-- What is being asked --
Your answer should be the lines from the one with "50 Green Artificial" to the end of the data below, both included, exact and free of pictures.

-- Information --
□ □ □ □

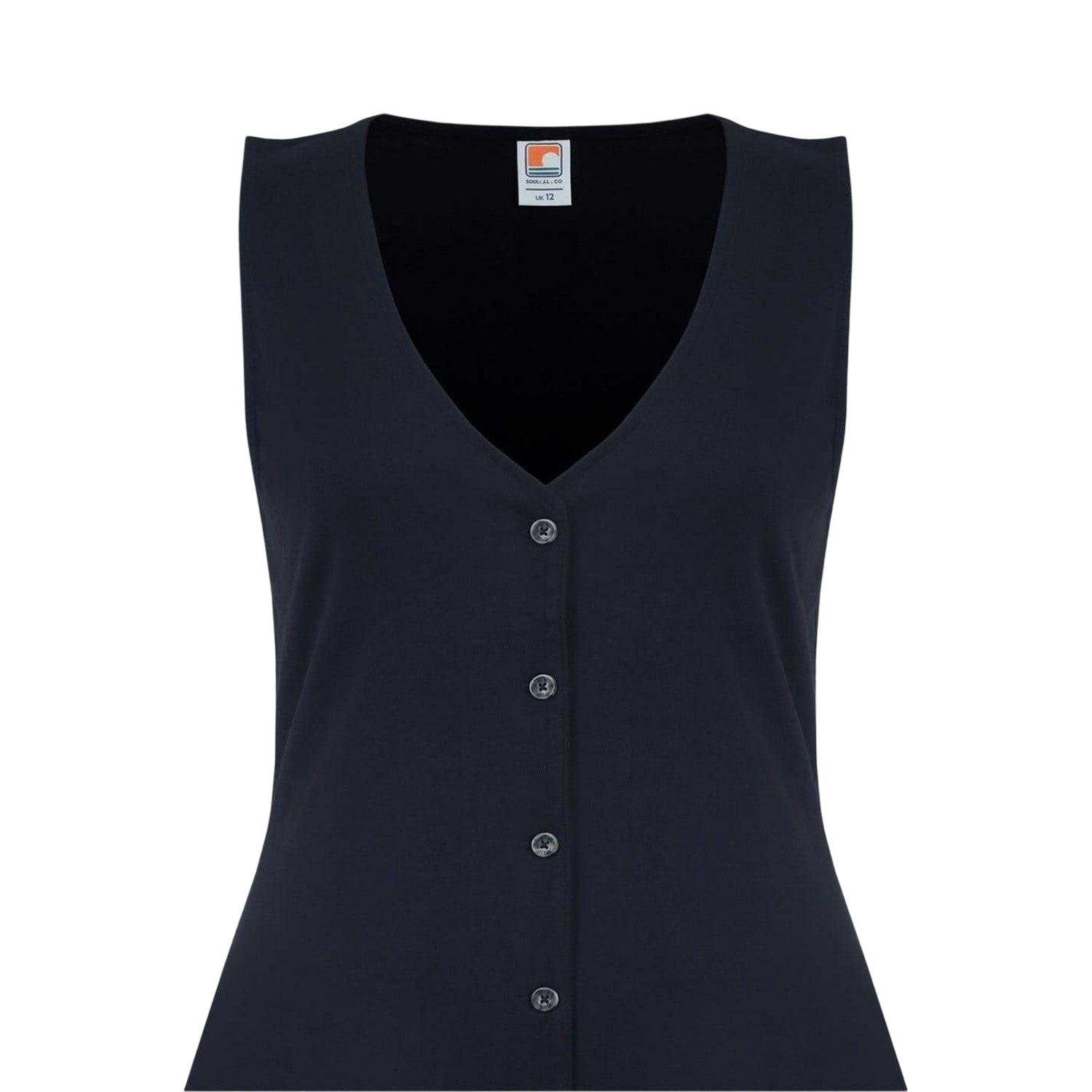 Black - Side - SoulCal Womens-Ladies V Neck Sleeveless Midi Dress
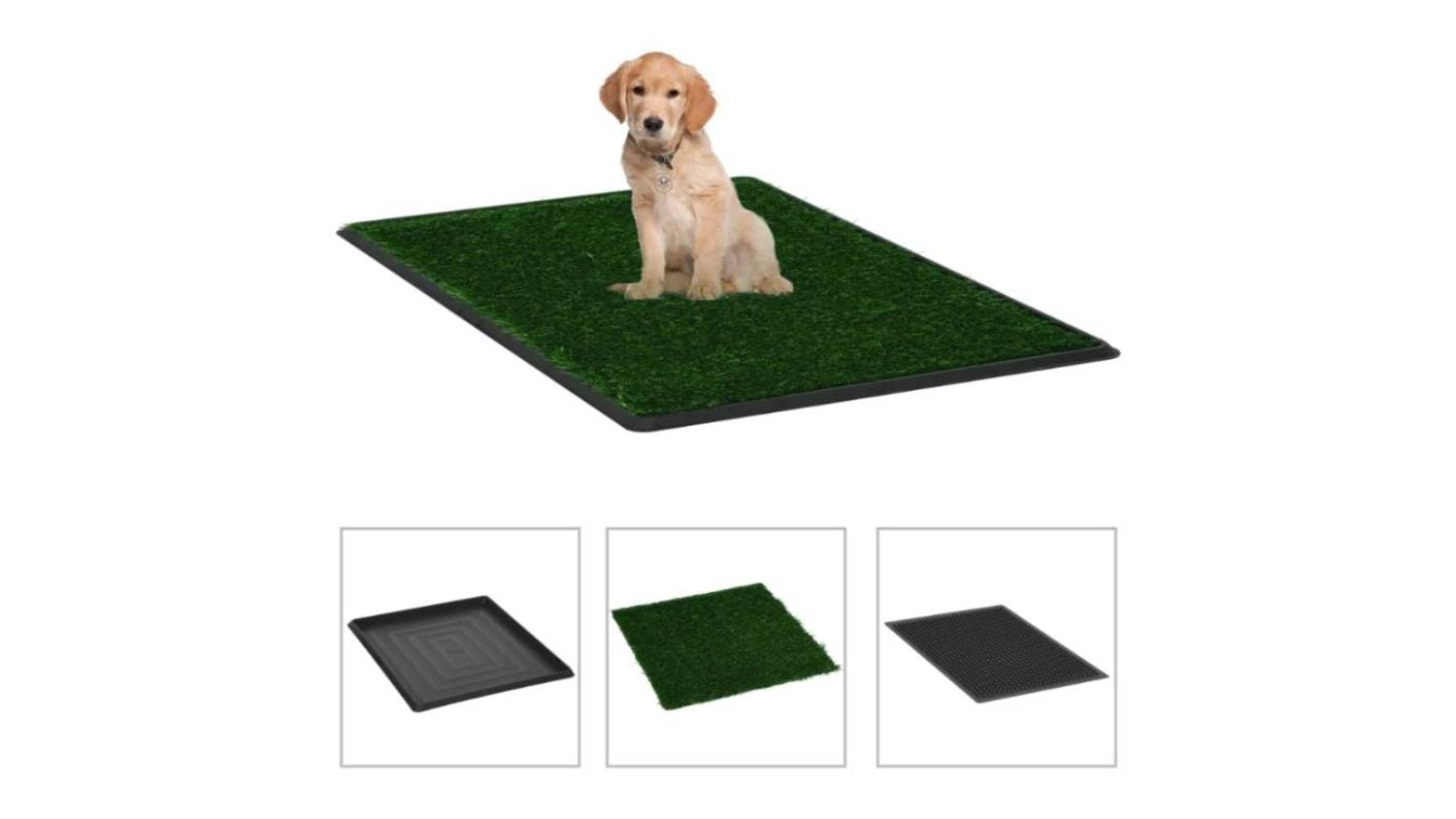 NNEVL Pet Toilet with Tray Artificial Grass 64 x 51 x 3cm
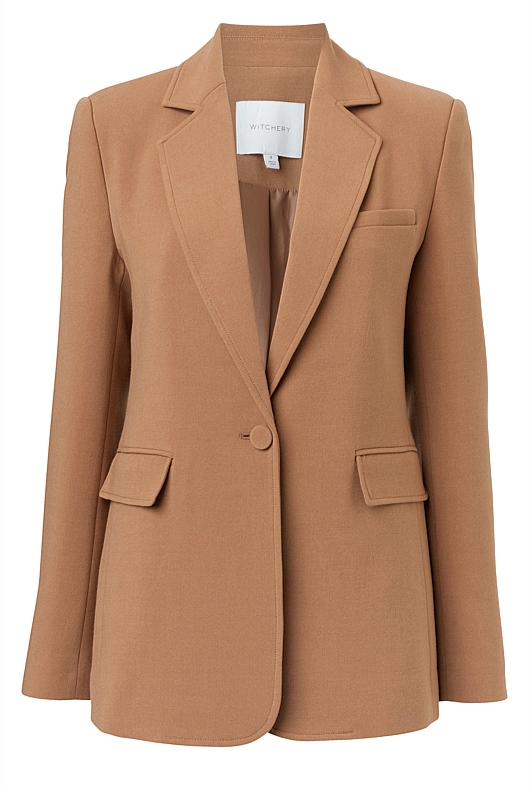 Classic Single-Breasted Blazer - Camel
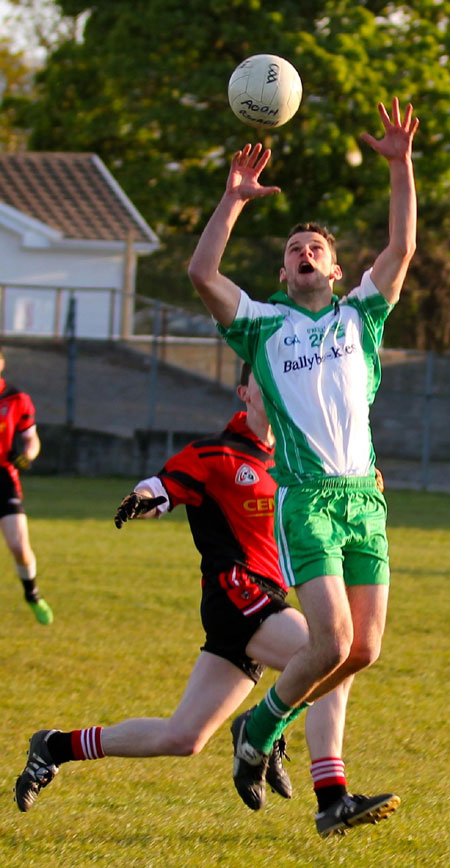 Action from the division three senior football league match against Urris.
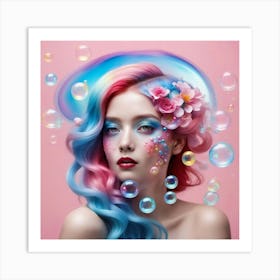 Beautiful Girl With Makeup And Bubbles Art Print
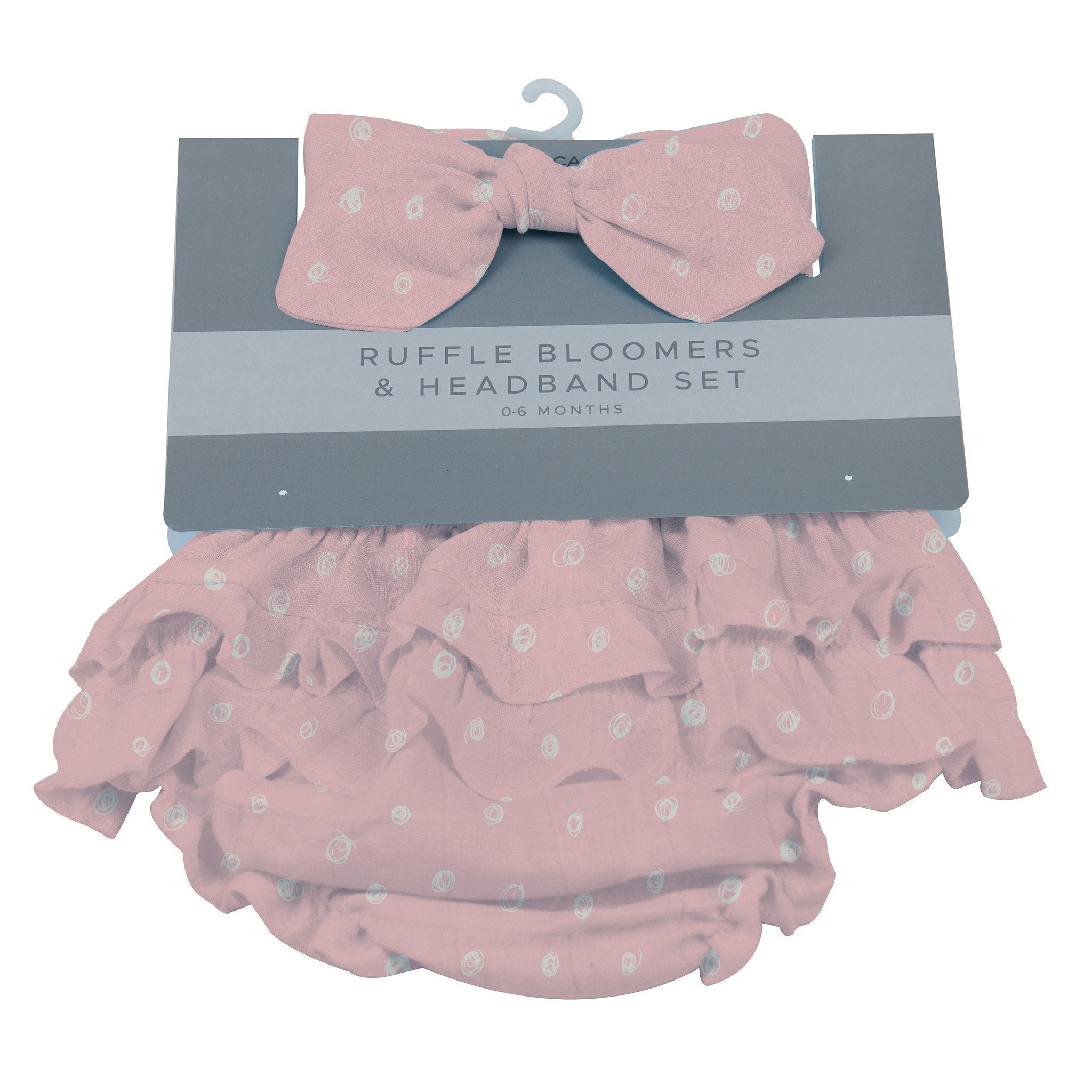 Pink Pearl Polka Dot Bamboo Ruffle Bloomers and Headband Set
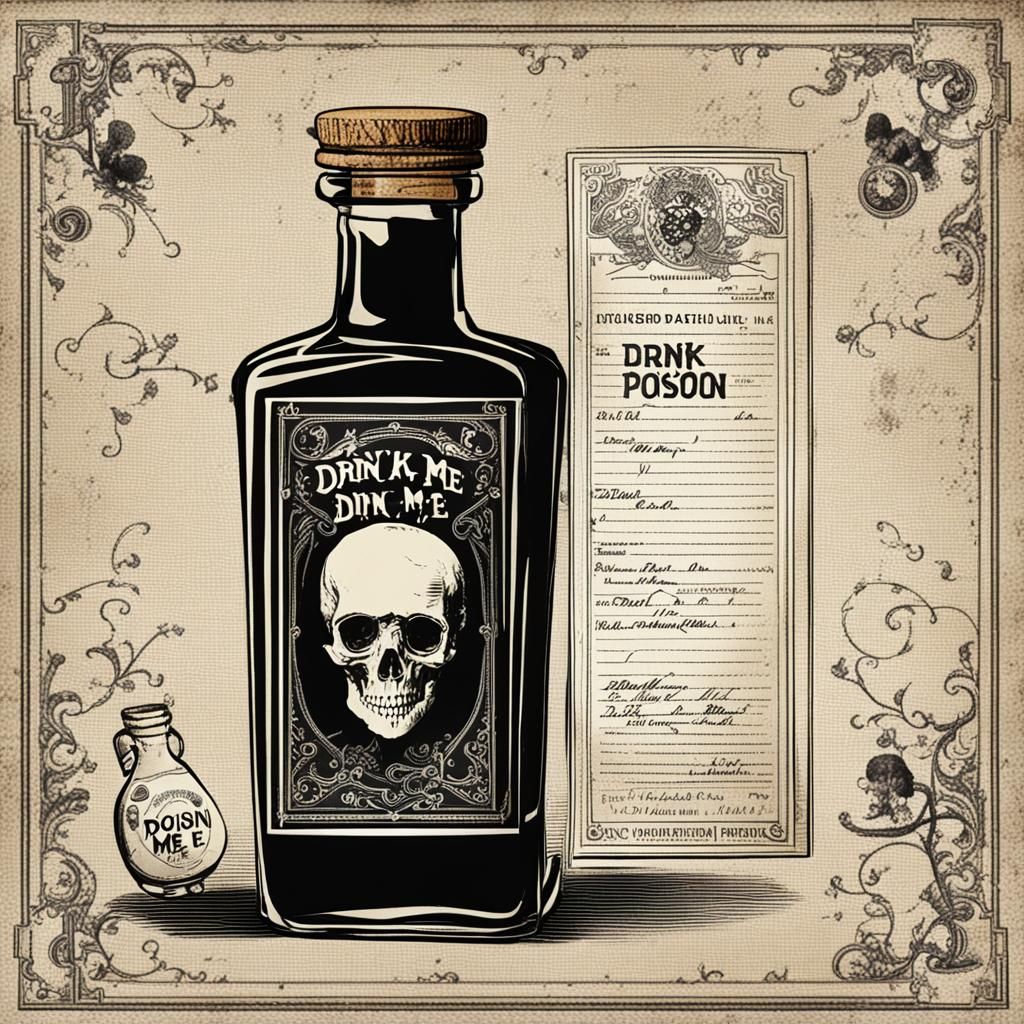 Antique Poison Bottle Labeled Drink Me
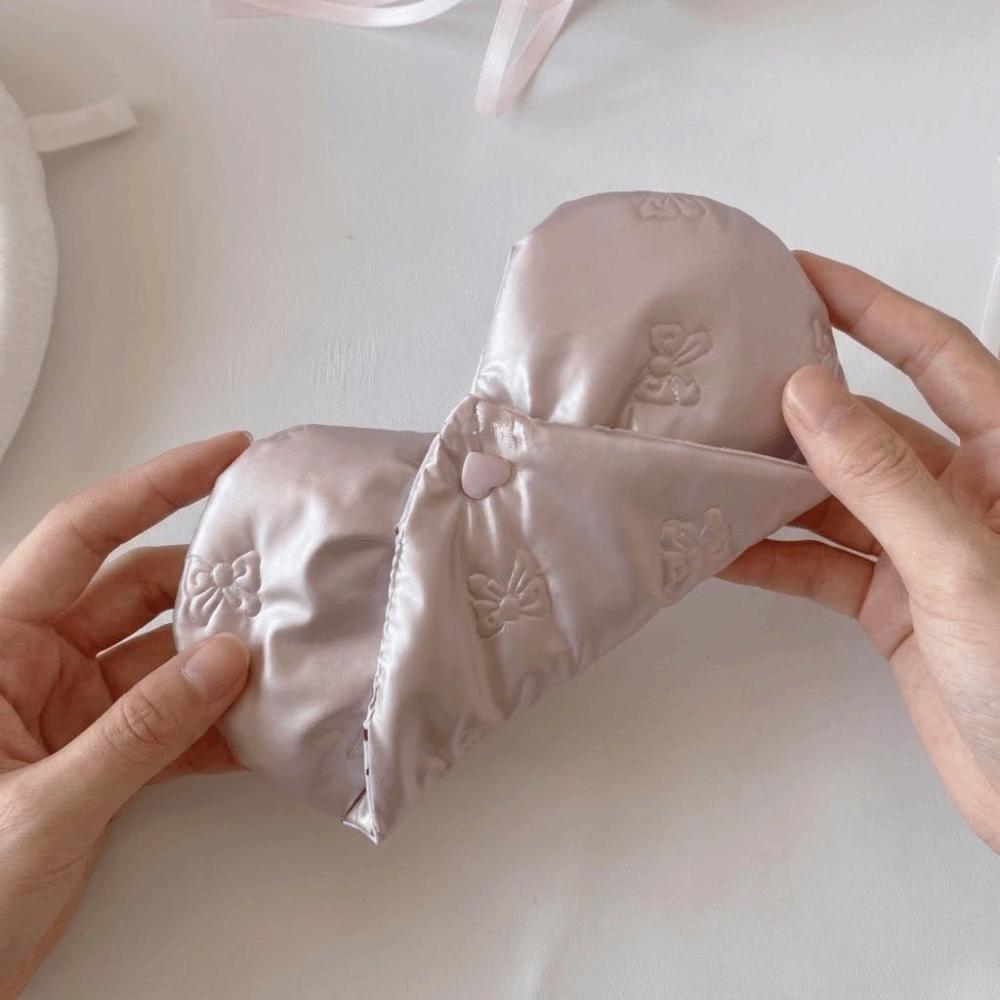 Bow Embossed Eyeglass Case Pink Color Glasses Storage Bag Sunglasses Pouch Storage Solution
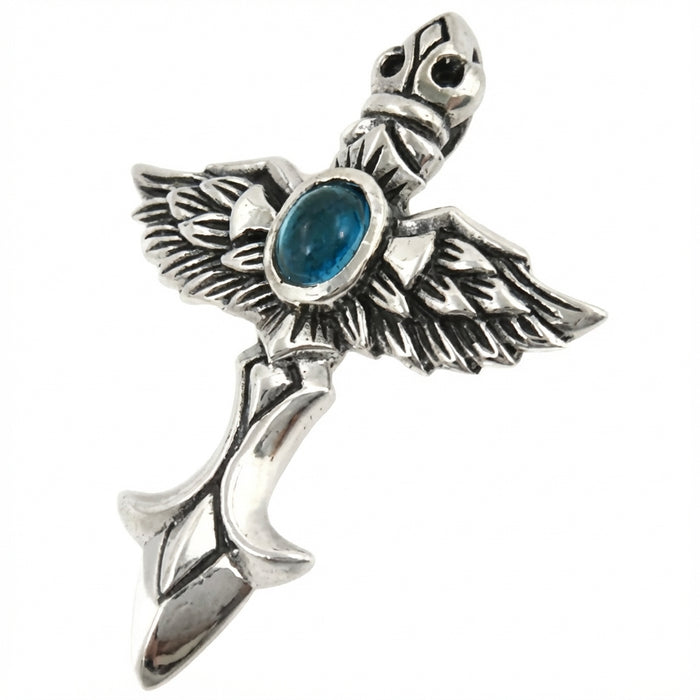 Angled view showing detailed feather carving on silver winged pendant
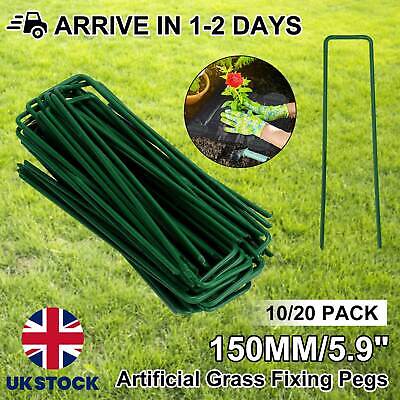 50 Green Artificial Grass Turf U Pins Metal Galvanised landscape Weed Pegs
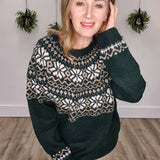 Fair Isle Knit Sweater - Hunter Green-Sweaters and Cardigans- Hometown Style HTS, women's in store and online boutique located in Ingersoll, Ontario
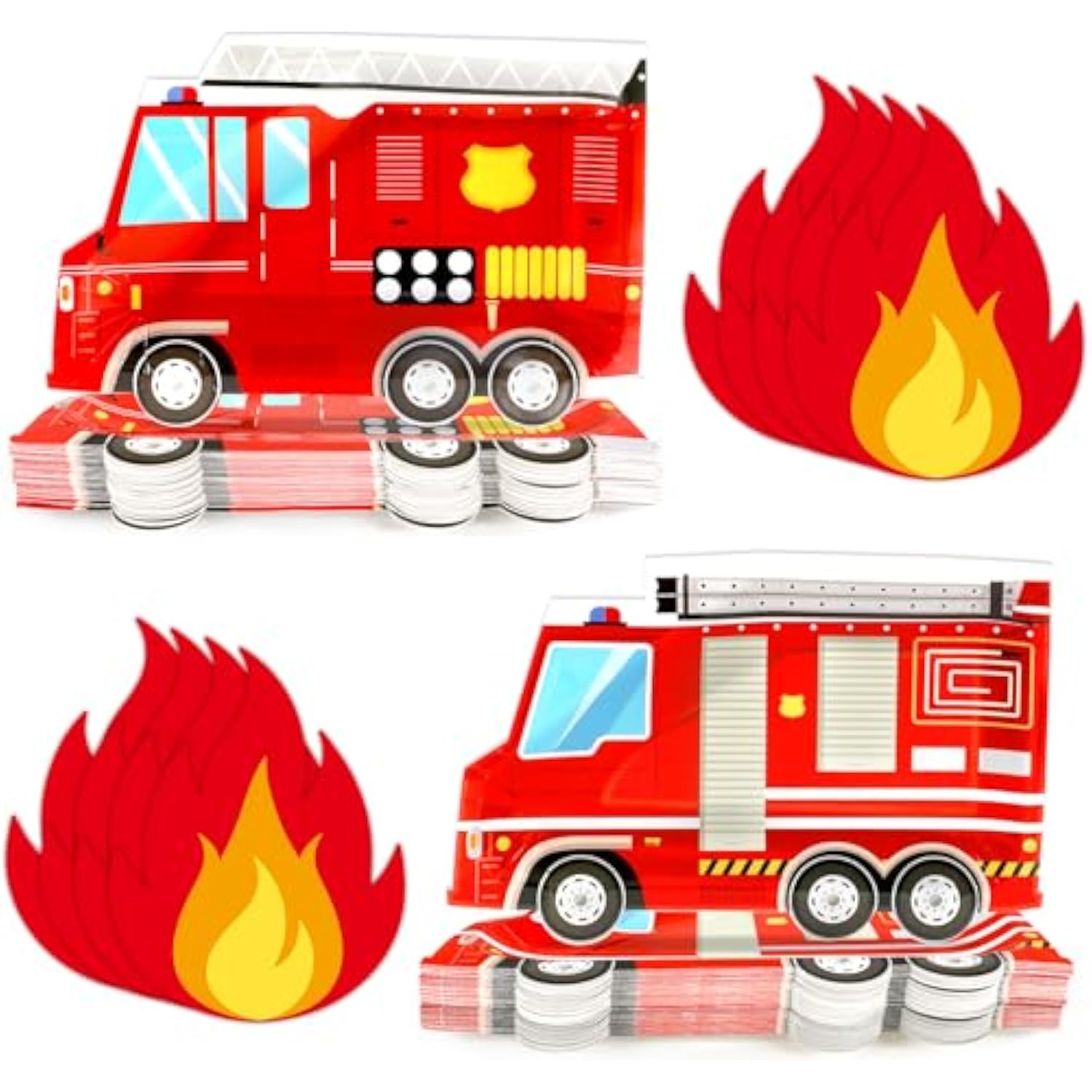 100Pcs Firetruck Birthday Party Plates And Fire Shaped Napkins Fireman Party Supplies Firefighter Disposable Paper Dinnerware Firetruck Tableware Set For Flame Birthday Baby Shower Decor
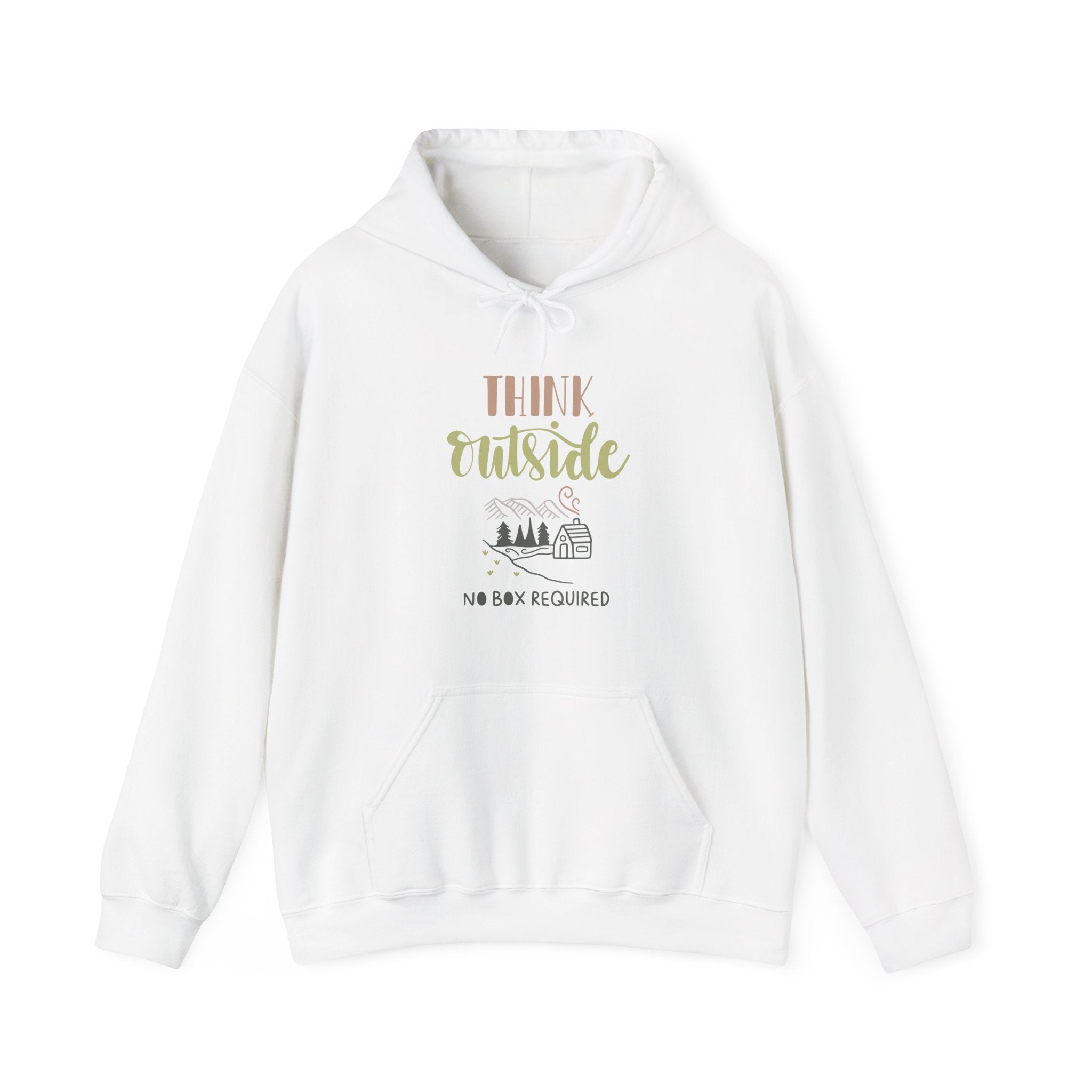 Think Outside No Box Required Unisex Heavy Blend Hooded Sweatshirt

□ □ □ □

-- Written answer --
 50 Green Artificial Grass Turf U Pins Metal Galvanised landscape Weed Pegs
 Fair Isle Knit Sweater - Hunter Green-Sweaters and Cardigans- Hometown Style HTS, women's in store and online boutique located in Ingersoll, Ontario
 100Pcs Firetruck Birthday Party Plates And Fire Shaped Napkins Fireman Party Supplies Firefighter Disposable Paper Dinnerware Firetruck Tableware Set For Flame Birthday Baby Shower Decor
 Think Outside No Box Required Unisex Heavy Blend Hooded Sweatshirt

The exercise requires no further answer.